During the coming years she and her colleagues will work on optimising the design, the process and the properties of the textile and on really understanding the science behind the technique. According to Marilyn Rayner, principal supervisor of Randi Phinney, it is also important that they gain the whole perspective – including social aspects – and understand what the needs are, before finalising the product.
That is why Randi Phinney will soon be returning to the rural areas in the province of Inhambane, Mozambique. This time some of the farmers and families will try the method on local fruits, but she will also continue her investigation of the market.
“Our basic idea is that that the bags need to be hygienic and easy to handle, and you must be able to wash and reuse them”, said Randi Phinney. “However, we also need more knowledge of what people want – what is an attractive design, which size works best, how we can design the process to best fit the user’s lifestyle, etcetera”.
Text: Pia Romare
Photo: Randi Phinney
Pervaporation: a processing method for the separation of mixtures of liquids by partial vaporisation through a non-porous or porous membrane.
Drying juicy fruit
Drying juicy fruit
Place the fruit inside the bag – the fruit may be in the form of juice/purée, sliced or mashed. Seal the bag and let it dry by either hanging it up or laying it down on a rack in the sun or in a solar dryer. The drying time is usually a couple of days depending on the temperature, the relative humidity, the air convection, and the thickness of the fruit or liquid layer inside the bag.

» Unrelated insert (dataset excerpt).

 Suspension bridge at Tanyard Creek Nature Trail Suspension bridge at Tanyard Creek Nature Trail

From fruit juices/purées it is possible to produce juice concentrates, jams, syrups and candy (fruit leather).
This is how it works: If you fill the bag with fruit juice or mash, the liquid will remain in the bag, but with time the water will evaporate and the fruit becomes more concentrated. The process is driven by differences in the partial pressures of water vapour. As long as the humidity outside the bag is relatively lower than the humidity (i.e. water activity) inside the bag, water will evaporate. This is enabled by the breathable textiles, which consist of one outer layer to withstand abrasion and one ‘active’ inner second layer (membrane) which is permeable to water vapour (a process similar to pervaporation).

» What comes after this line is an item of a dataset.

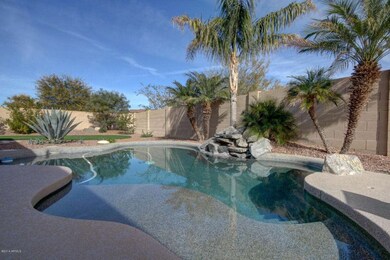 Amazing backyard pool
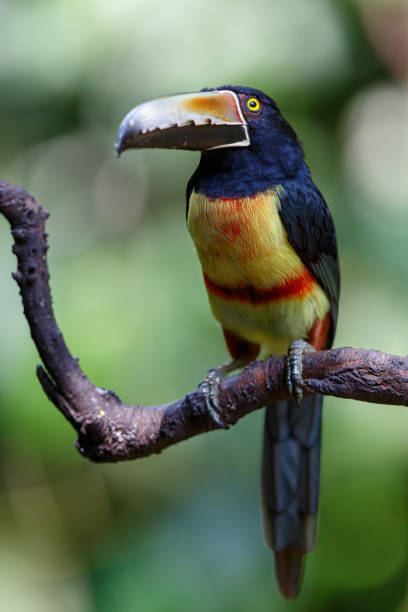 istock Collared Aracari in Costa Rica 1225767982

Increasing temperature and decreasing relative humidity generally increases evaporation. By using a solar dryer, it is possible to increase the air temperature to become higher than the ambient surroundings (thereby decreasing the relative humidity) to accelerate the dehydration of a product. For example, by using an indirect solar dryer, in which air enters a tunnel with a black bottom and glass top, heats up and exits through a chimney in an attached wooden box, natural convection is increased.

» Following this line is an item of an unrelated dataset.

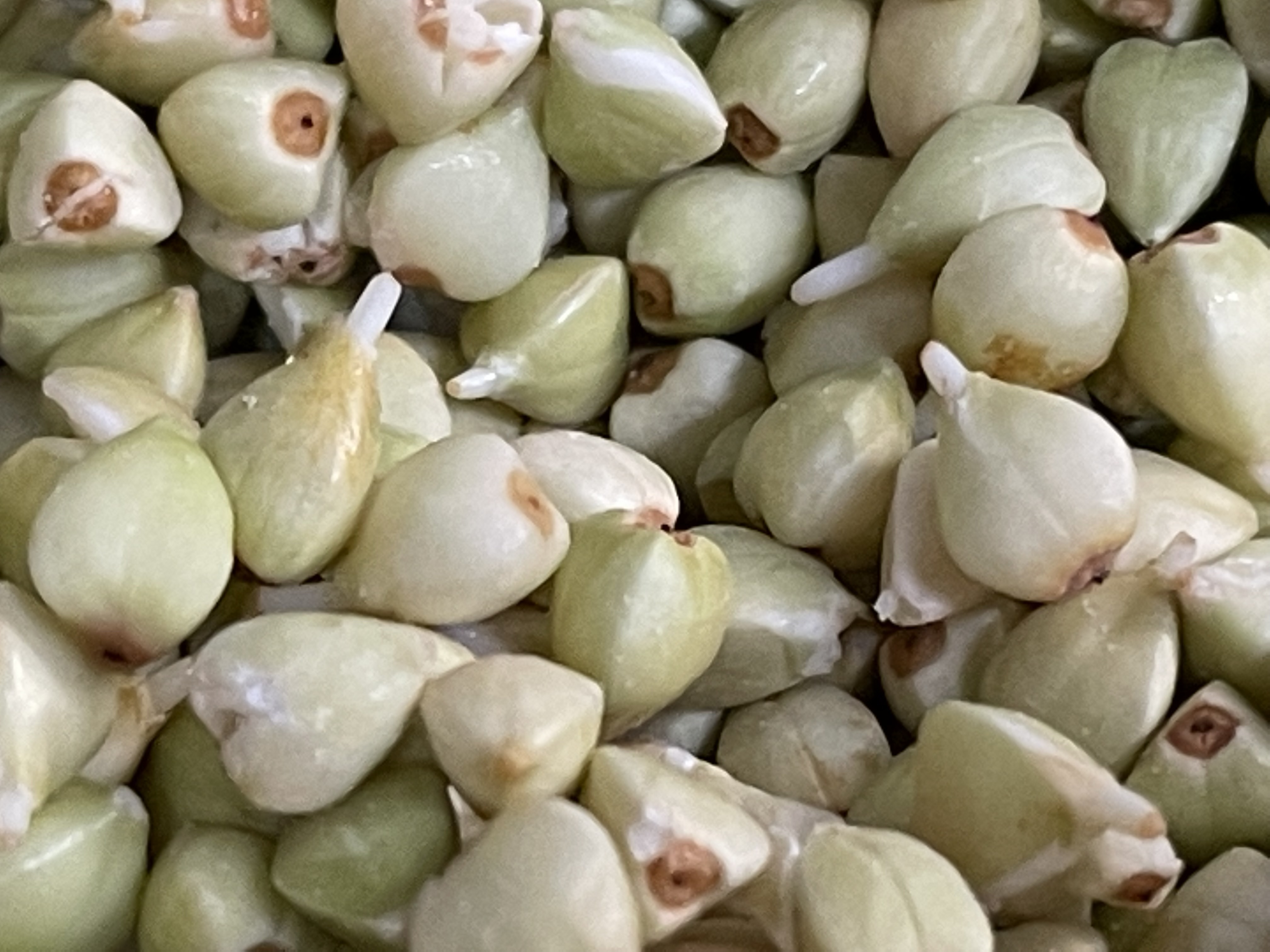 発芽十割蕎麦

Advantages of the SAP technique
Advantages of the SAP technique
The technique is aimed at small-scale farmers and families to use shortly after harvesting. The bags are easy to handle and can be cut in a way to avoid spillage. The technique is hygienic. First, the fruit is protected from rats, birds and dust. Second, bacteria and viruses cannot get through the membrane layer of the bags. Many juicy fruits are also very acidic so the growth rate of intrinsic spoilage microorganisms is greatly reduced. This means the fruit does not spoil inside the bags while being concentrated. When the fruit is sufficiently concentrated it becomes shelf-stable and it may be stored for a long time without the need for refrigeration.